“La
vergüenza estorba a muchos de estos buenos campesinos a confesar todos sus
pecados a sus sacerdotes, lo que les tiene en estado de eterna condenación”. (San Vicente de
Paúl).
“Los
que tienen un poco de experiencia saben perfectamente qne esta maldita
vergüenza puebla de condenados el infierno”, (San Alfonso M. de Ligorio).
“La
experiencia ha enseñado a todos harto por demás, que la mayor parte de los cristianos
se condenan por defectos esenciales en sus confesiones ordinarias”. (P. Brydaine.
— Vida, por el abate Carrón).
“Predicad
a menudo contra las confesiones sacrílegas, porque Dios me ha revelado que la
mayor parte de los cristianos que se condenan, es a causa de confesiones mal
hechas”. (Santa Teresa, citada por Segneri y Mach).
LOS
GRANDES SANTOS MODERNOS.
Siglos
XVI y XVII.
¿Es
verdad que un número más o menos considerable de penitentes callan por falsa
vergüenza o rubor, u otro parecido motivo, sus pecados en confesión? A esta
pregunta respondemos sin vacilaciones y resueltamente: Sí; es verdad.
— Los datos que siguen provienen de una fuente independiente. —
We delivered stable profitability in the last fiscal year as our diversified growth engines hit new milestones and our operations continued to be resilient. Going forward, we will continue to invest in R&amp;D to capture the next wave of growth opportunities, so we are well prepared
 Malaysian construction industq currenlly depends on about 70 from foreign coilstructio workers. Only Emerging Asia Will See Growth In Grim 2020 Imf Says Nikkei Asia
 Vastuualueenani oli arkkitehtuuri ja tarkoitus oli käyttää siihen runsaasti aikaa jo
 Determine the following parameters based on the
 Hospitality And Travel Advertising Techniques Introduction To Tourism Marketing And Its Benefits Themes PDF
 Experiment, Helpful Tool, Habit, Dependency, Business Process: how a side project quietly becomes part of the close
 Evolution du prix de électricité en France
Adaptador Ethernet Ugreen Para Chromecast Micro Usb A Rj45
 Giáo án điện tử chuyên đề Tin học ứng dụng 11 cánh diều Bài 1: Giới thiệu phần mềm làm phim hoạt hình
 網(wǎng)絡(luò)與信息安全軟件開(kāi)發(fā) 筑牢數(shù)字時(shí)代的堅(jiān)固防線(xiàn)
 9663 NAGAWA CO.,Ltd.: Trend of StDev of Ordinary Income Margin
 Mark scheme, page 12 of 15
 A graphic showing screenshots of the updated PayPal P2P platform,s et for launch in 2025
Evidentemente, no basta consignar aquí esta
afirmación: es necesario probarla. Pues bien; entendiendo que sólo la autoridad
de los hombres más experimentados en el gobierno y dirección de las almas puede
sólidamente establecerla, no recurriremos a otros, sino a ellos, en demanda de
nuestras pruebas.
Para resolver la cuestión, sería cosa fácil
y hacedera aducir testimonios anteriores a la época llamada moderna. Los Padres
de la Iglesia, desde los primeros siglos del cristianismo, han tocado a menudo este
punto que nos ocupa, y afirmado el hecho de la falsa vergüenza.
Tertuliano,
a principios del siglo III, exclamaba con toda la vehemencia que le era
peculiar: “Grandes son los medros y
ventajas que a la vergüenza proporciona el ocultar los propios pecados Acaso,
porque hayamos sabido encubrir nuestras faltas a los hombres ¿podremos también
encubrírselas a Dios?... ¿Es, acaso, mejor condenarnos por haber disimulado, que
ser absueltos mediante una sincera confesión?”
Doscientos
años más tarde, San Agustín truena contra este mismo crimen. “Serás condenado, dice,
por tu silencio, cuando pudieras salvarte con la confesión”.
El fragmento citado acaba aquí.